- **TO DO**: Where a picture occurs in the data, omit it, and copy all remaining data exactly.
RECORDED INFORMATION START
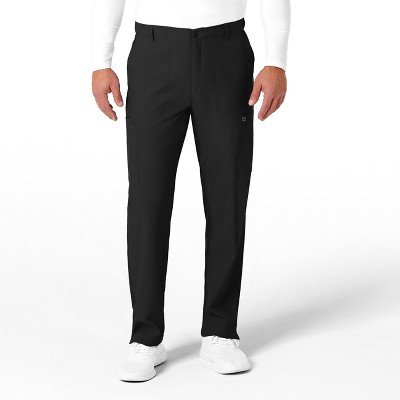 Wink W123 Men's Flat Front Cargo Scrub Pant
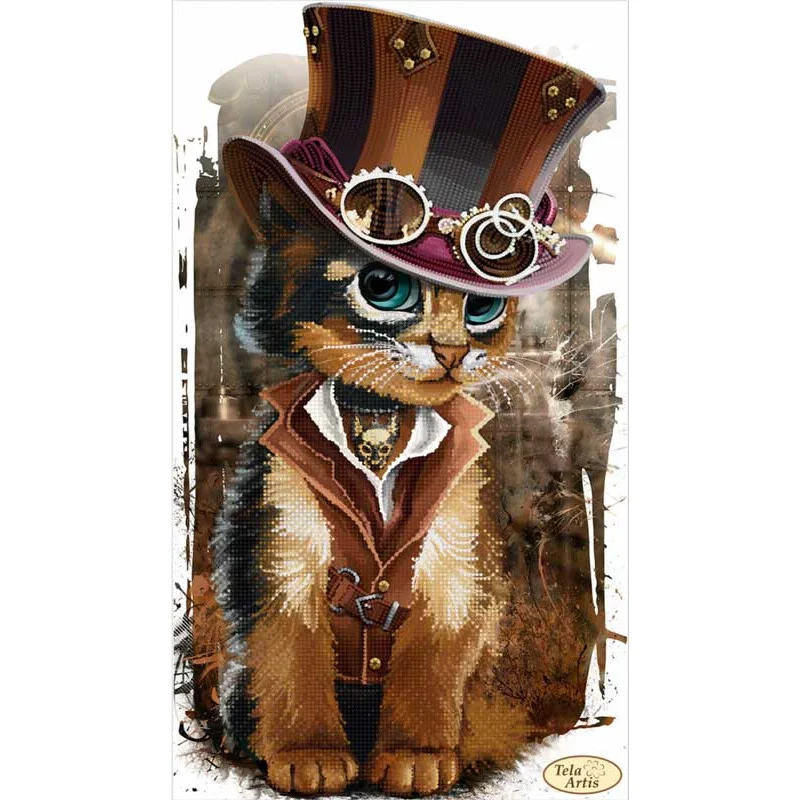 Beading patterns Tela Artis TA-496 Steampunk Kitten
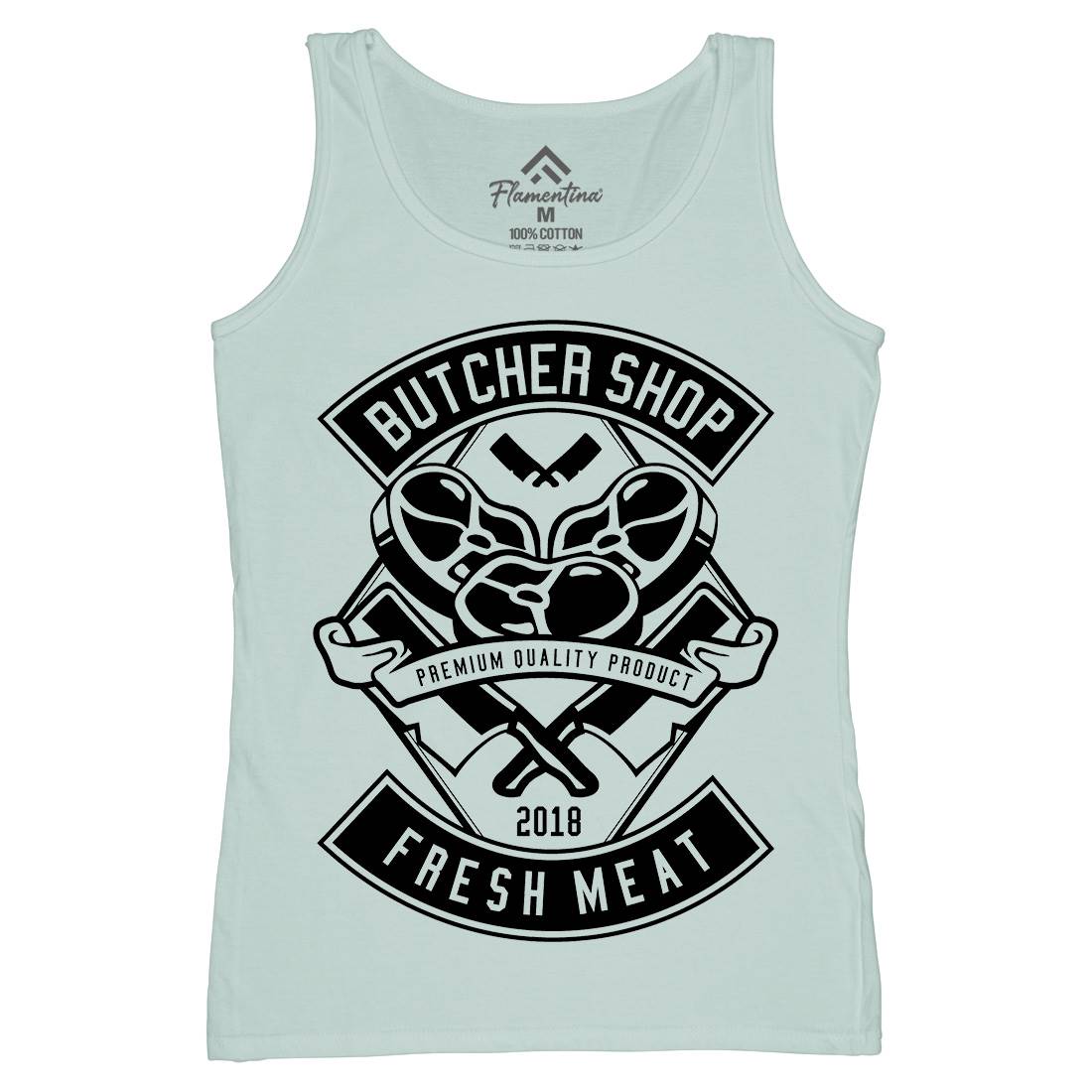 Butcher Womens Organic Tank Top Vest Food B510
RECORDED INFORMATION END
- **ANSWER FOR THE TASK**:
 Wink W123 Men's Flat Front Cargo Scrub Pant
 Beading patterns Tela Artis TA-496 Steampunk Kitten
 Butcher Womens Organic Tank Top Vest Food B510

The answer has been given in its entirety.